Wednesday, January 25, 2006

Wed. Jan 25: Someone else who thinks "no pain, no gain" is idiocy

This is from some people in Pleasant Hills, called Sugi Studios. At sugistudios.com, the kind of website I'd like. Anyone out there want to trade website development for Feldenkrais, or Byron Katie work?

This attitude is exactly why I'm inventing Felden-Yoga, a yoga based on learning and being present rather than straining and hurting yourself to "get strong," or "look good natked," or keep up with the others in the class, or get the teacher's approval, or whip yourself in a masochistic frenzy of improvement by effort, rather than intelligence.

Read on. Enjoy.

The Sugi Attitude™
Does it make sense to exercise until it hurts? To be sore and uncomfortable afterwards? To take over-the-counter pain killers so you can sleep at night?

At Sugi Studios, we don't think so.

In fact, our philosophy is the complete opposite of "no pain, no gain." In our view, inflicting pain on yourself while you exercise is a form of self-violence. Instead we teach the "the Sugi attitude" - a mind-set that you can achieve more benefit with less effort by replacing effort with skill. In fact, our focus is on reducing or eliminating the pain you may have come to accept as a consequence of living and aging.

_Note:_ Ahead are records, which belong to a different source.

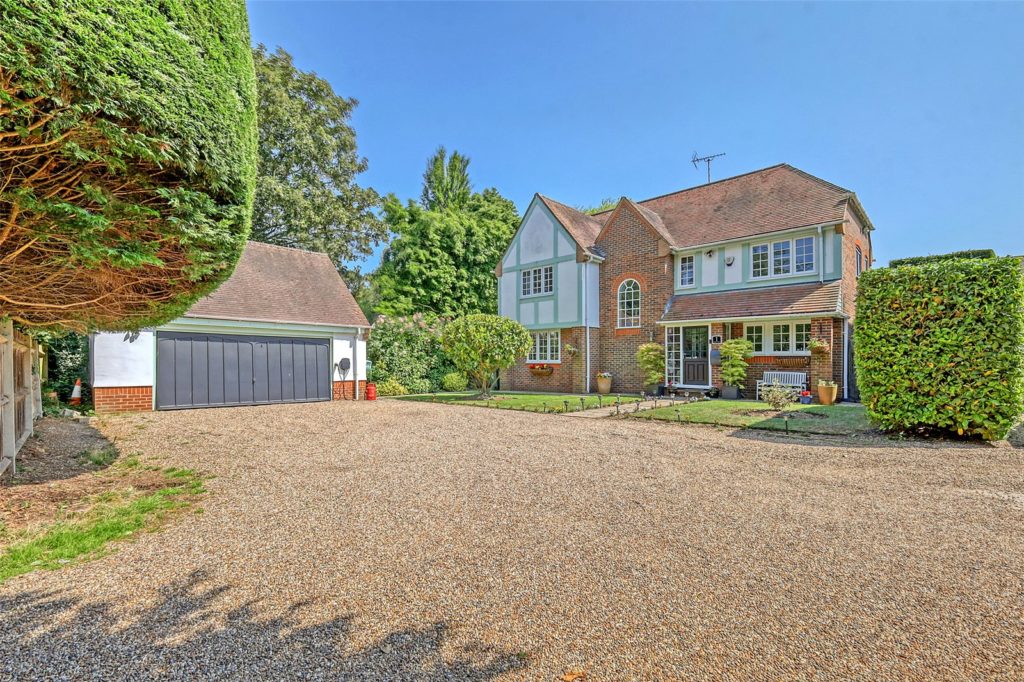 Barling Road, Barling Magna, Essex, SS3 0LX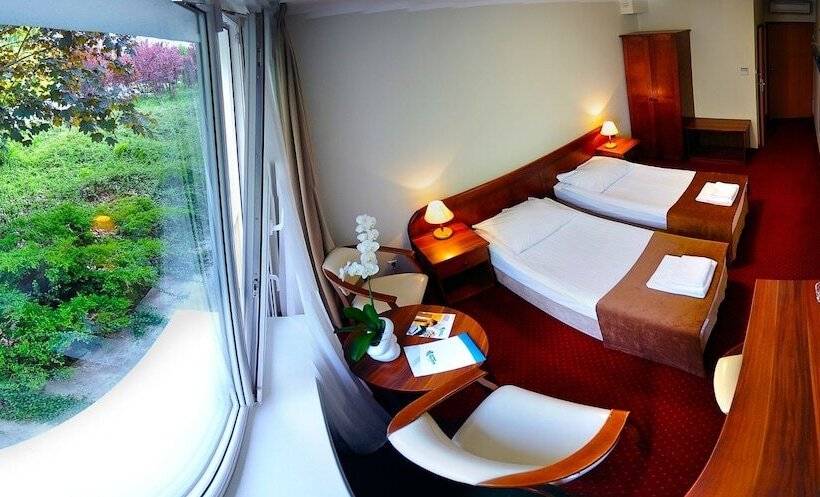 اتاق راحتی یک تخته, Zawisza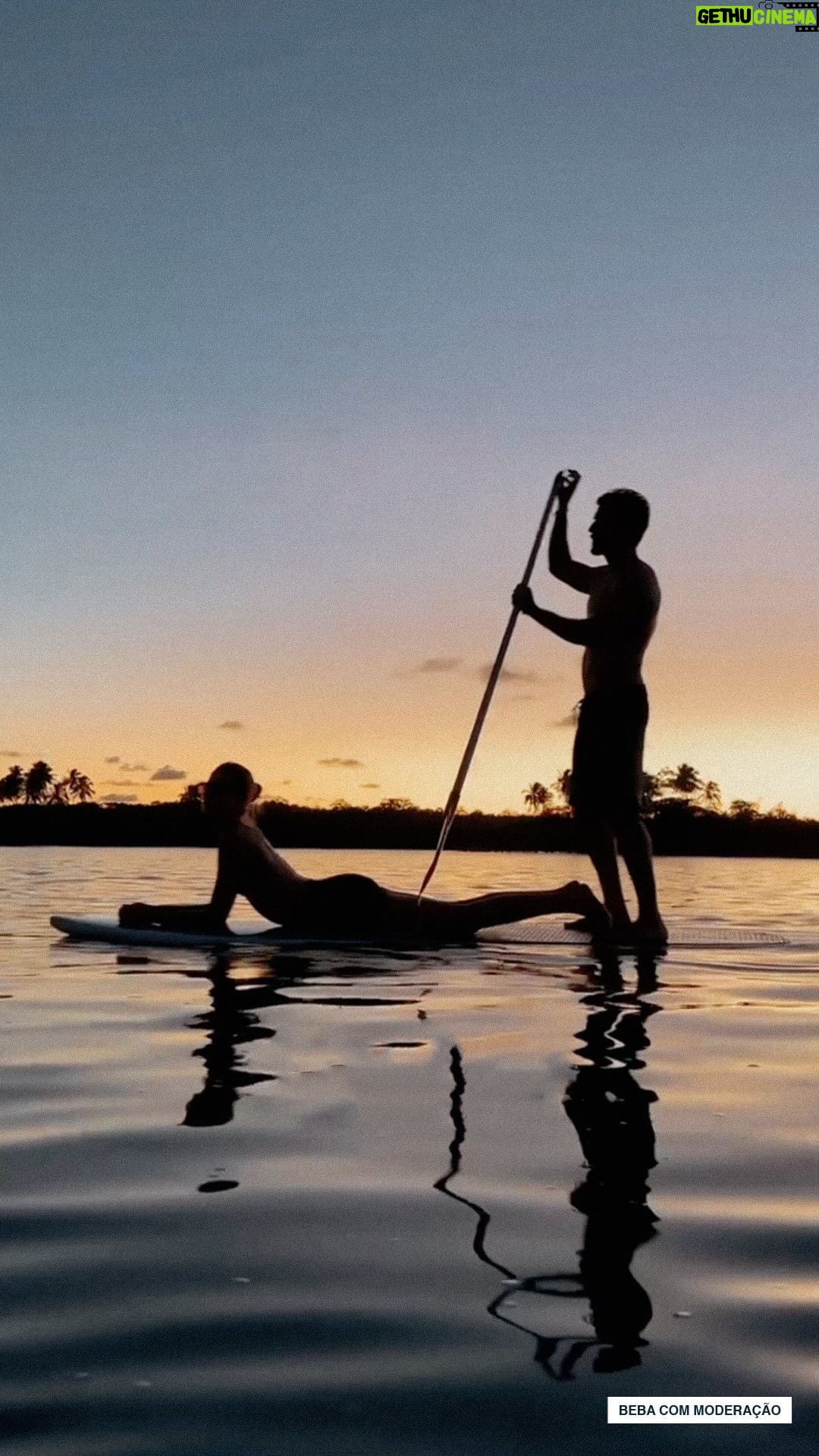 Camila Queiroz Instagram - Um 2024 inteiro de resoluções baseadas em viver mais a vida aqui fora: muito sol, mergulho de cabeça e um pôr do sol acompanhado de Corona como o @klebbertoledo e @camilaqueiroz curtiram em Maracaípe - PE. #AVidaÉAquiFora *BebaComModeração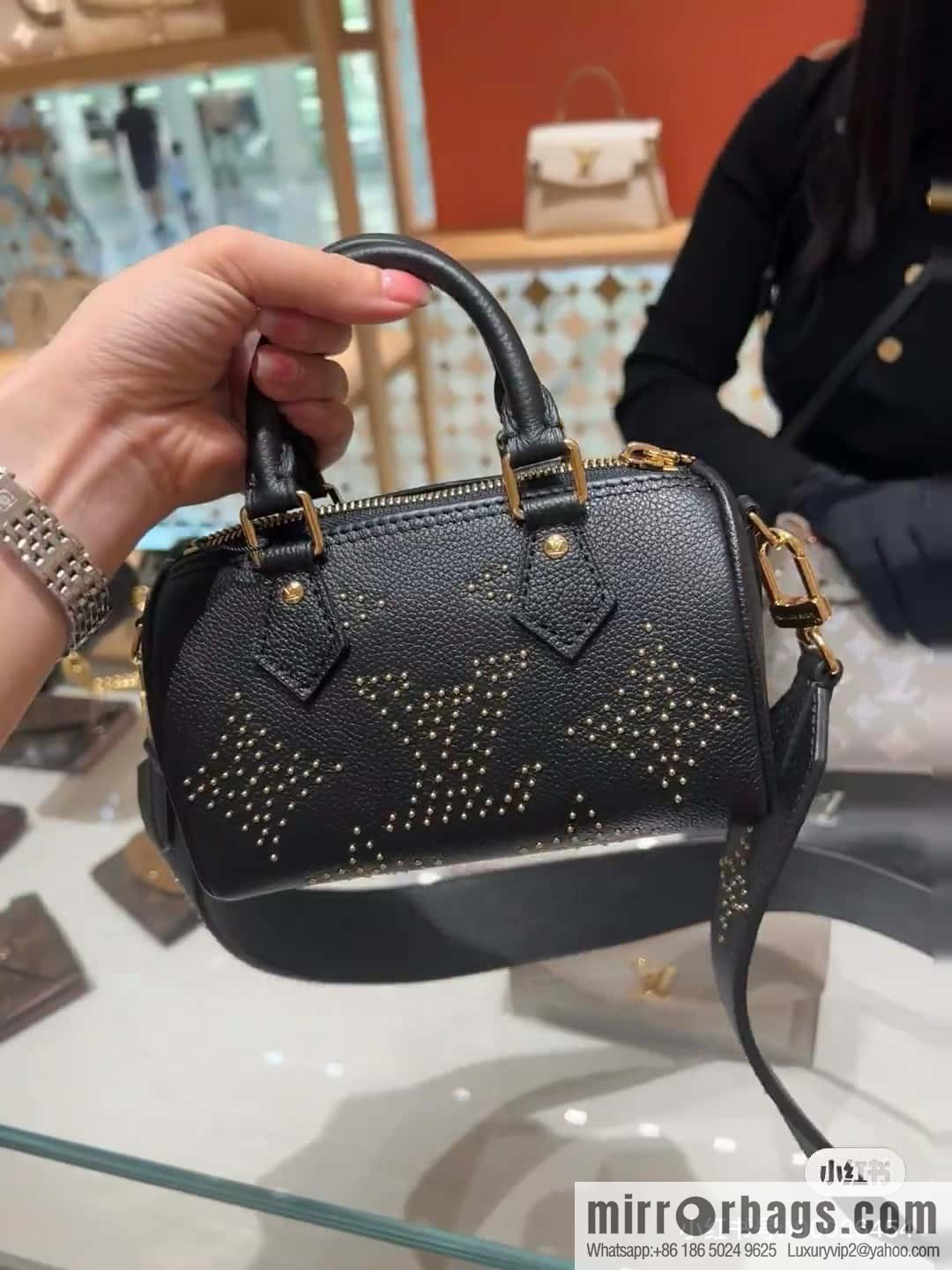 [Original single boutique] M46745 black full leather willow nail pillow bag speedy series Nano Speedy handbag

The basic tenet of the Sugi Attitude is to always be mindful of the following fundamentals as we exercise:

Concentrate in improving skills instead of using force or more effort

Focus on finding comfortable and pain free ways to move

Alternate between stillness and movement, so the body can remember what it's being taught

Learn how to observe what's going on in our bodies so we don't do something harmful

At Sugi Studios, we've learned that if the body is comfortable doing something, it will do it gladly. When we ask it to do something painful or really difficult, it fights back. So we focus on gently expanding abilities rather than trying to force.

The result? The body gradually responds, areas of pain and stiffness start to soften and move, and over time you'll be able do things you never dreamed were possible.

You will experience a wider range of movement and abilities, gain strength, increase mobility and improve endurance. All of this leads to expanded self-awareness that can transform and inspire your life to make you happier, healthier, and more balanced.